FYI, news is spreading fast. About a Seattle multi record claimer (!) has been offered hundreds to thousands of dollars each year since 2003 to, quite simply, do an officially timed run/speedclimb on Mt. Rainier. This is Chad Kellogg (Kellog) who ignores each huge offer. Including $5000 last year! And $2000 this year. Unreal. What do ya know about this apparently historic fraud Kellogg?
I’ve been hearing the same stories about Chad being offered quite a bit of money to repeat his speed climbs on Rainier, but he continues to ignore the offers. I’ve even been in contact with someone who has personally extended the offer, but have refrained from commenting too much as some of the things exchanged were in strict confidentiality.
We’ve had some discussions about Chad around here, which you can read here. Essentially the word is that he falsified entries into summit record books, used his close friends as “timing officials” and it’s nearly impossible to find any independent evidence to support his claims of speed records.
On the other hand, the mainstream press seems to have taken his story and run with it, giving him more publicity than he deserves without any proof to back up his claims.
I would say that while I wouldn’t describe $5000 as a “huge” sum of money, it sure is enough that you would think that he could give up a day in his life to prove his records, silence his critics, and pocket a decent amount of money. Yet he remains silent.
Great article. We started our canyoneering fun last year and are heading out for more…
I thought it was a very good article as well. I literally knew nothing about the canyoneering rating system, so that alone was quite informative, but then to follow the adventure that those three men undertook was also a really good read.
Glad you liked it DSD! 🙂
some more on hoax artist Chad Kellog. there’s a link here too.

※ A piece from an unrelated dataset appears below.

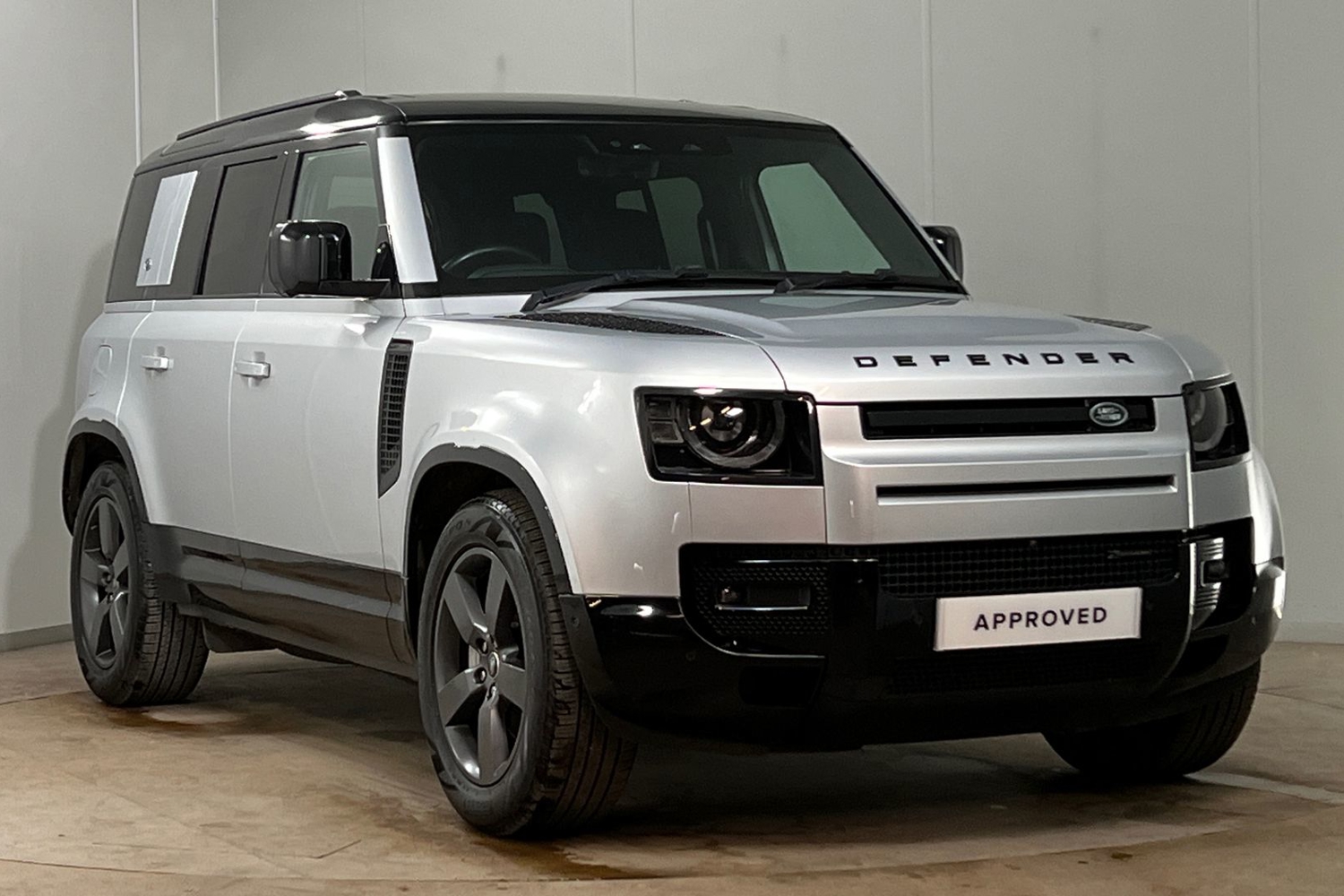 Land Rover Defender 110 listing photo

I’m actually the one who wrote the article for Backcountry, doing a blog search for Canyoneering and ran into your blog. Glad you enjoyed the write up. Canyons range anywhere from mellow hikes with a couple rappels to pretty intense stuff like the “X” canyon we did in the article. Next month I hope to do one that contains a HARD 5.11 off width crux climb in order to get through (can be aided but supposedly it’s still fairly tough), should be pretty intense. Fun stuff!
I very much enjoyed your article and hopefully you’ll write another one for the trip you’re doing next month. It sounds amazing, and incredibly challenging as well.
Articles like yours inspire me to find some canyons of my own to explore. Sounds like a blast.